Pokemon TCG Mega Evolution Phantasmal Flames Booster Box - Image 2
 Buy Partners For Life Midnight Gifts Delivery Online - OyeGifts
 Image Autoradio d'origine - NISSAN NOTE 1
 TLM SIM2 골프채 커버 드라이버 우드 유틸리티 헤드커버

PROMPT - Look for the line that contains "Image Autoradio d'origine - NISSAN NOTE 1" in the listing above. Set down that line and each line after it, ending with the last one.

OUTPUT FOR THIS TASK -
 Image Autoradio d'origine - NISSAN NOTE 1
 TLM SIM2 골프채 커버 드라이버 우드 유틸리티 헤드커버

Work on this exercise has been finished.